▶ **Work instructions**
Don't include any picture when you restate the data word for word.

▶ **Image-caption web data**

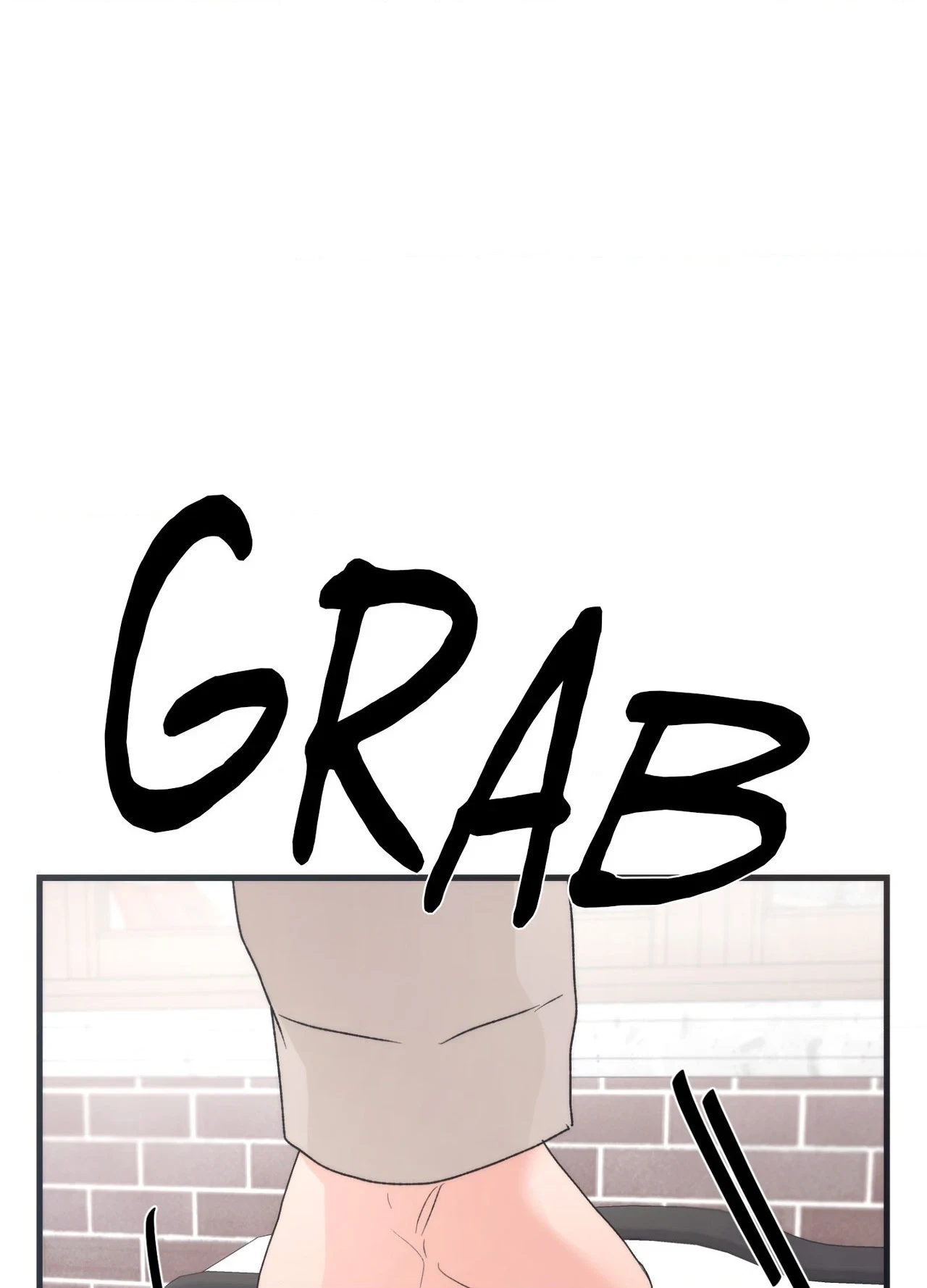 A Midsummer’s Carol Chapter 36, page 101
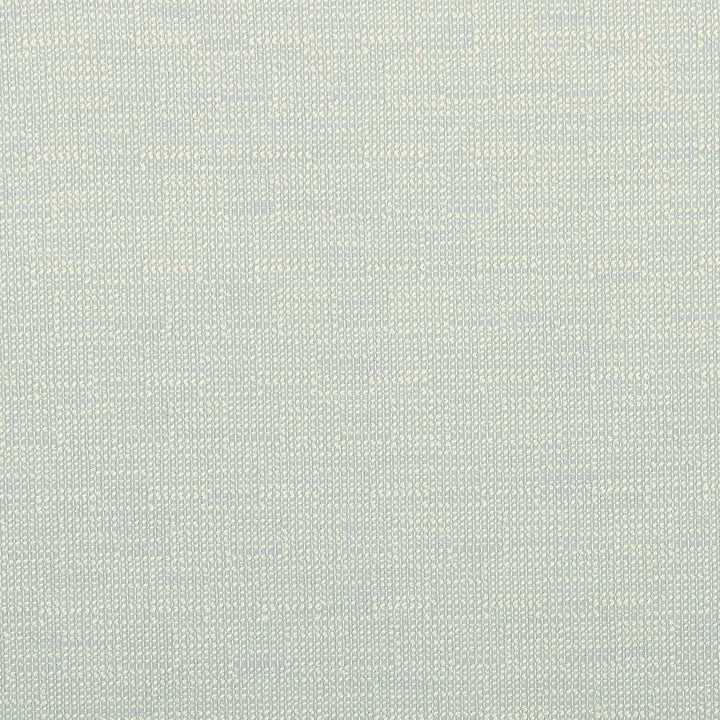 35518-15 by Kravet Smart Fabric INSIDE OUT PERFORMANCE FABRICS POLYESTER - 73%;OLEFIN - 27% United States HEAVY Horizontal: 2.25 and Vertical: 2.25 55 - Fabric Carolina -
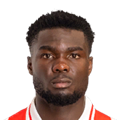 J. Caicedo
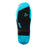 LEATT 4.5/5.5 Boot Sole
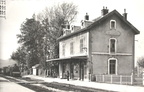 39-Sainte-Agnes-gare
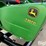 2020-john-deere-735fd-image-9
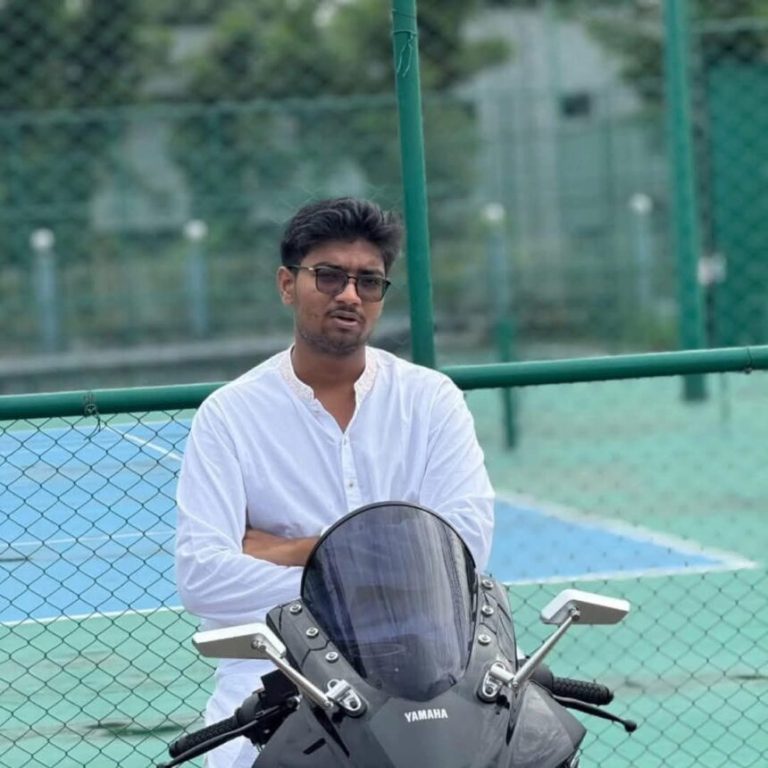পটুয়াখালীতে ব্যাংক যাওয়ার পথে যুবক নিখোঁজ: মুক্তিপণ দাবি করে বার্তা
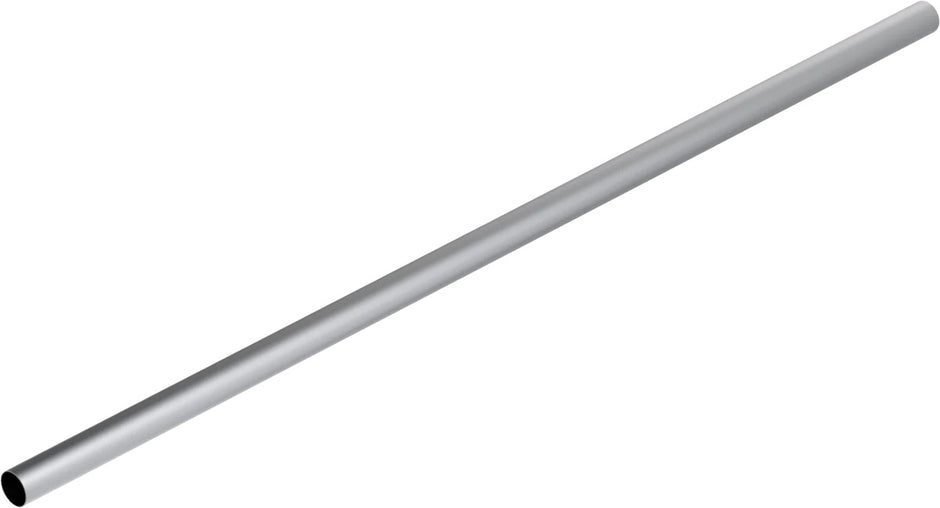 MBRP 3-Inch Exhaust System Exhaust Universal Fit Aluminized Steel 90-Inch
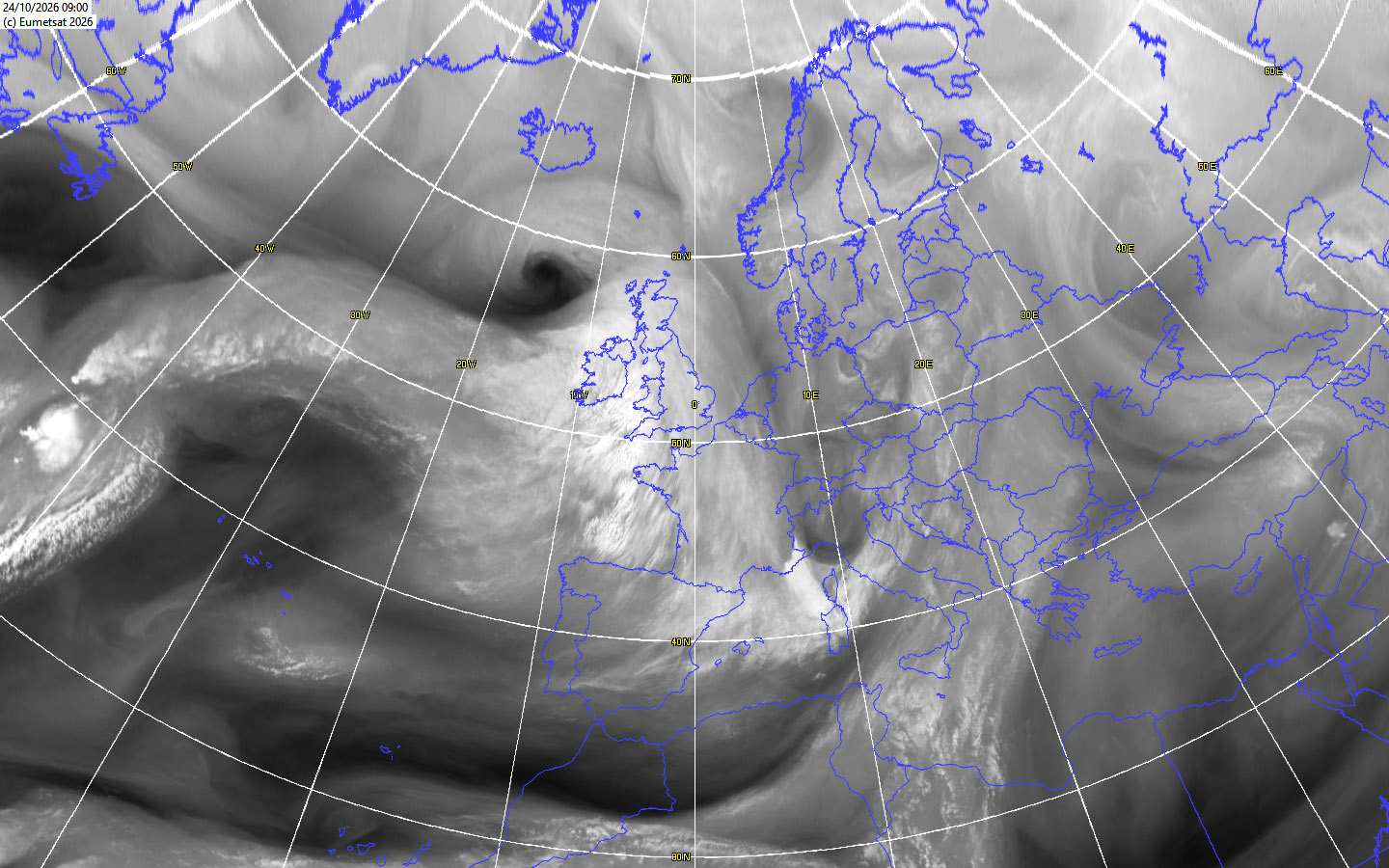 aij24-msg-0900-wv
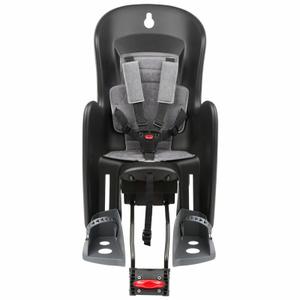 1100500-rear-reclining-bicycle-seat-for-children-polisport-bilby-maxi-rs-black-dark-gray-one-size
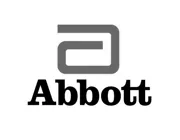 Abbott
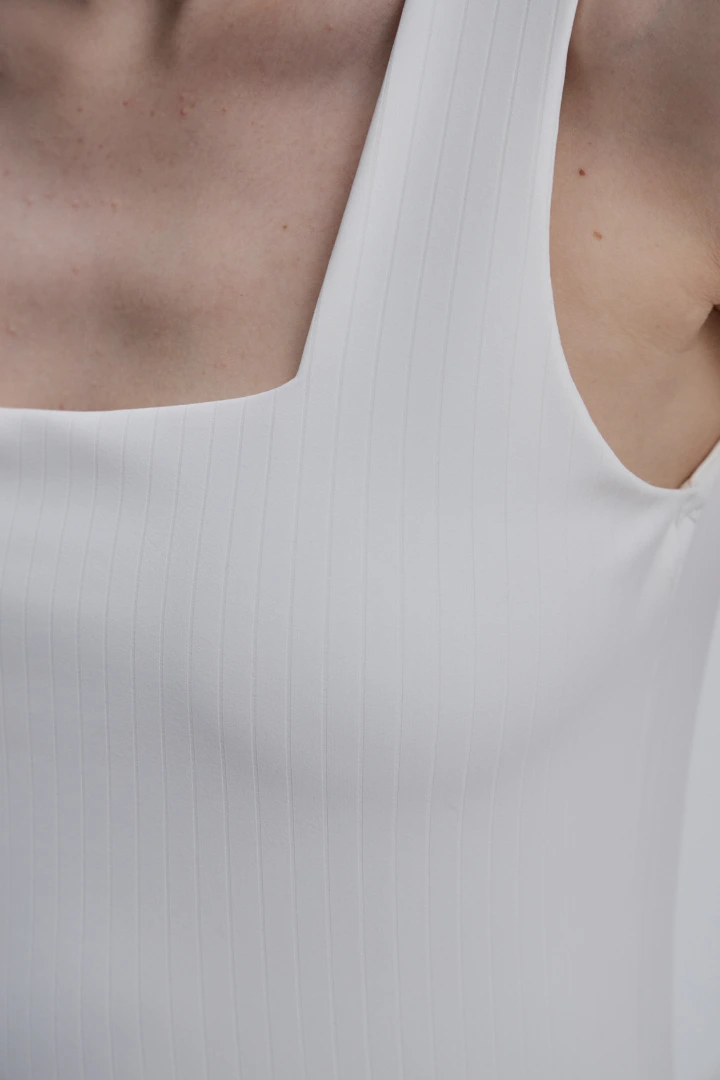 MUSCULOSA BOAN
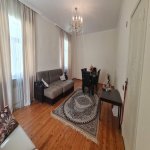 Satılır 6 otaqlı Həyət evi/villa, Hökməli, Abşeron rayonu 3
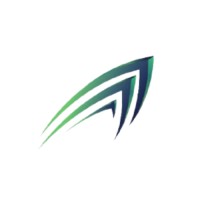 RFL GROUP logo - Similar company to Rrp Group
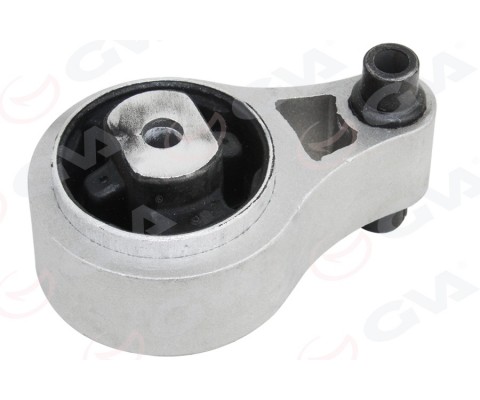 MOTOR TAKOZU ARKA MASTER II 01> MOVANO 01> 1.9D 2.5DCI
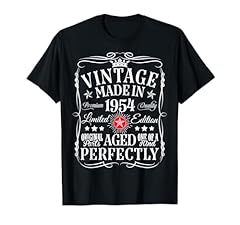 Vintage 71th birthday for sale  Delivered anywhere in USA 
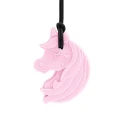 Licorne - Collier de mastication - standard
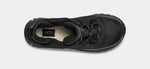 Women's Yose Puffer Lace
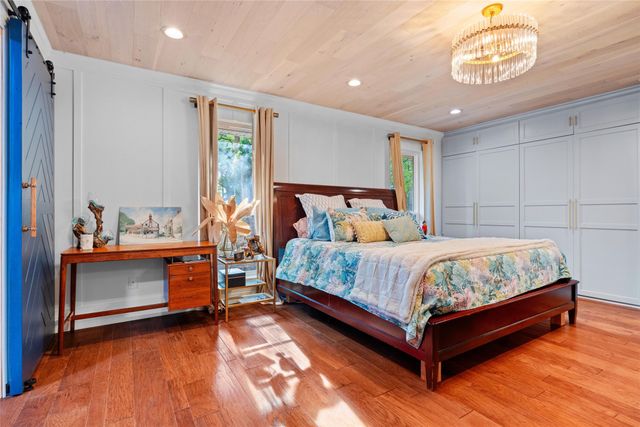 9300 Indian Knoll Trail, Keller, TX 76248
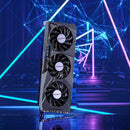 Gigabyte GeForce RTX 3070 Eagle 8G Graphics Card - DataBlitz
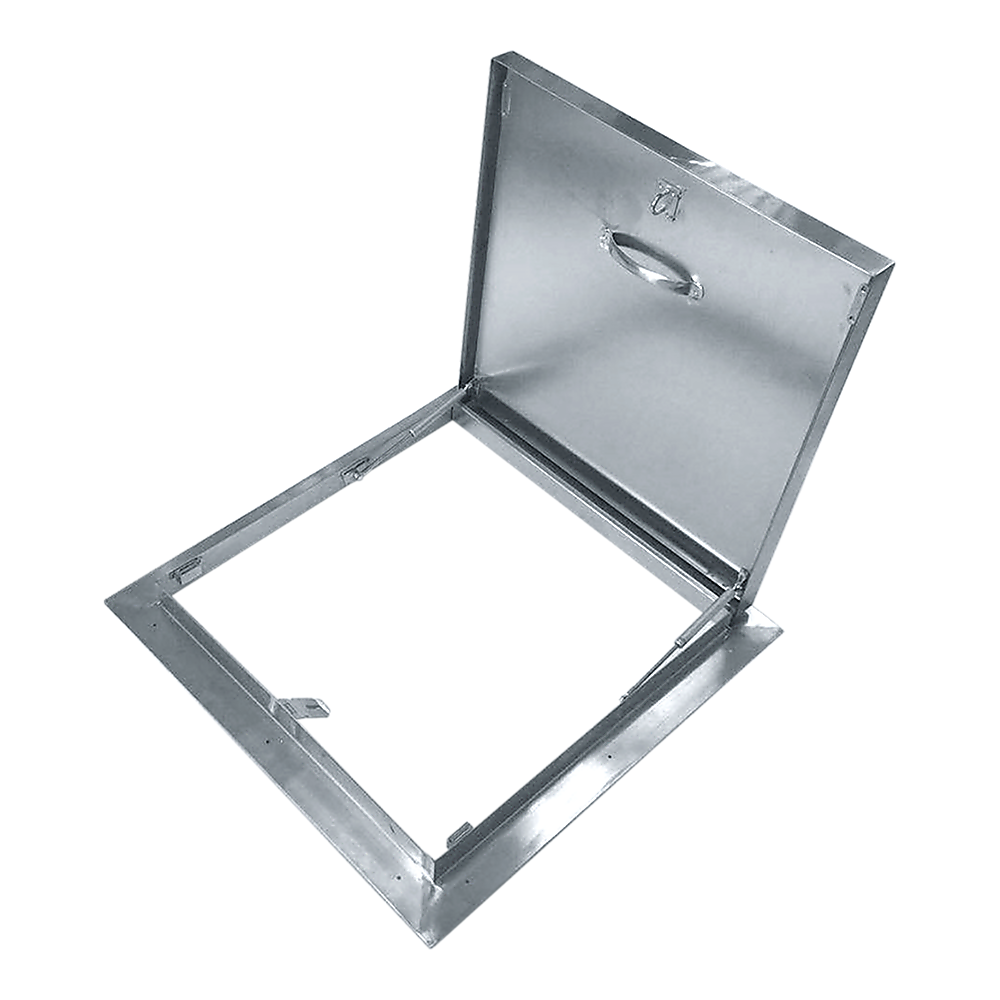 Roof Access Hatch 600mm x 600mm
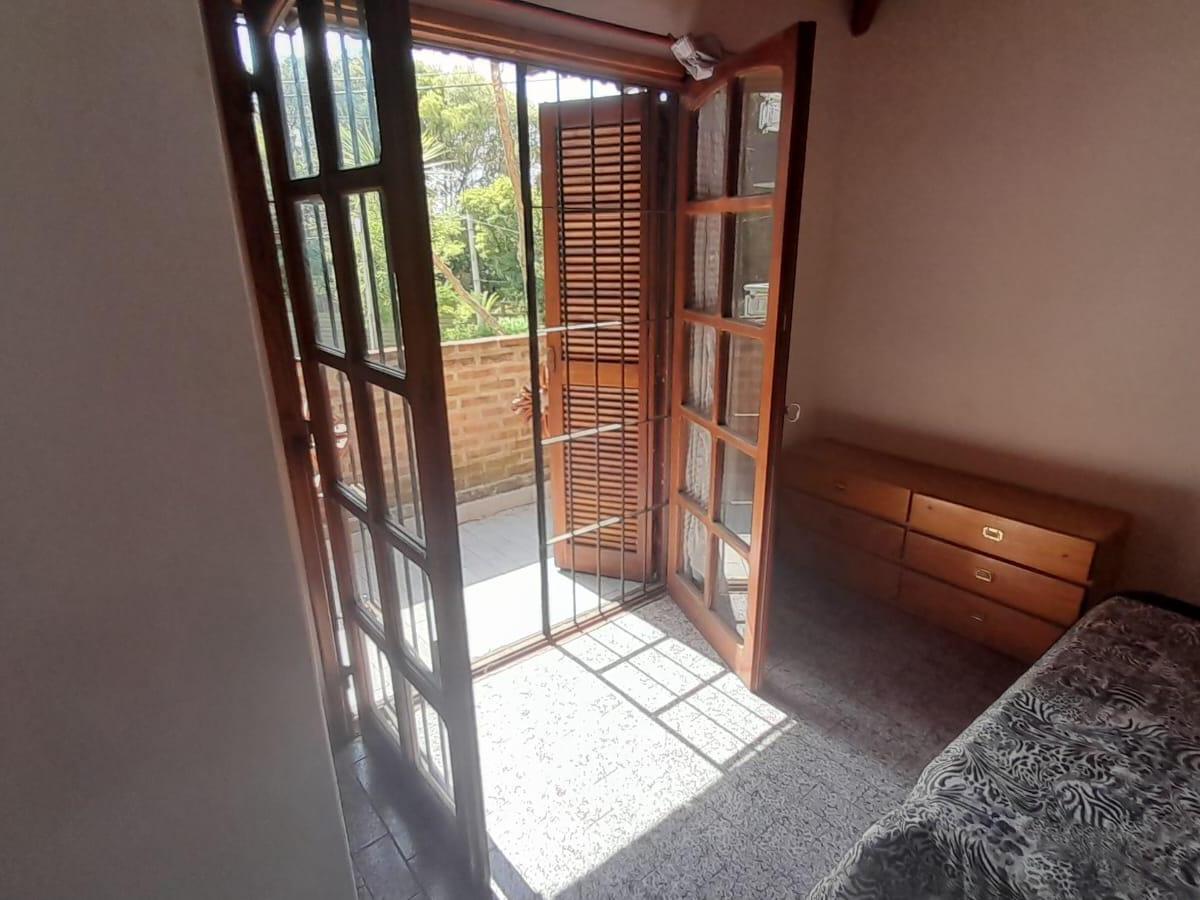 Chalet C/ Lote Libre 5
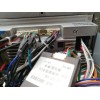 Recambio de sistema audio / radio cd para lexus is200 (ds2/is2) 220d referencia OEM IAM 8612053400 FXMG9107ZT04 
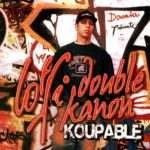 500x500[2] - Lotfi DK - Koupable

▶ **Output for this exercise**
 A Midsummer’s Carol Chapter 36, page 101
 35518-15 by Kravet Smart Fabric INSIDE OUT PERFORMANCE FABRICS POLYESTER - 73%;OLEFIN - 27% United States HEAVY Horizontal: 2.25 and Vertical: 2.25 55 - Fabric Carolina -
 J. Caicedo
 LEATT 4.5/5.5 Boot Sole
 39-Sainte-Agnes-gare
 2020-john-deere-735fd-image-9
পটুয়াখালীতে ব্যাংক যাওয়ার পথে যুবক নিখোঁজ: মুক্তিপণ দাবি করে বার্তা
 MBRP 3-Inch Exhaust System Exhaust Universal Fit Aluminized Steel 90-Inch
 aij24-msg-0900-wv
 1100500-rear-reclining-bicycle-seat-for-children-polisport-bilby-maxi-rs-black-dark-gray-one-size
 Abbott
 MUSCULOSA BOAN
 Satılır 6 otaqlı Həyət evi/villa, Hökməli, Abşeron rayonu 3
 RFL GROUP logo - Similar company to Rrp Group
 MOTOR TAKOZU ARKA MASTER II 01> MOVANO 01> 1.9D 2.5DCI
 Vintage 71th birthday for sale  Delivered anywhere in USA 
 Licorne - Collier de mastication - standard
 Women's Yose Puffer Lace
 9300 Indian Knoll Trail, Keller, TX 76248
 Gigabyte GeForce RTX 3070 Eagle 8G Graphics Card - DataBlitz
 Roof Access Hatch 600mm x 600mm
 Chalet C/ Lote Libre 5
 Recambio de sistema audio / radio cd para lexus is200 (ds2/is2) 220d referencia OEM IAM 8612053400 FXMG9107ZT04 
 500x500[2] - Lotfi DK - Koupable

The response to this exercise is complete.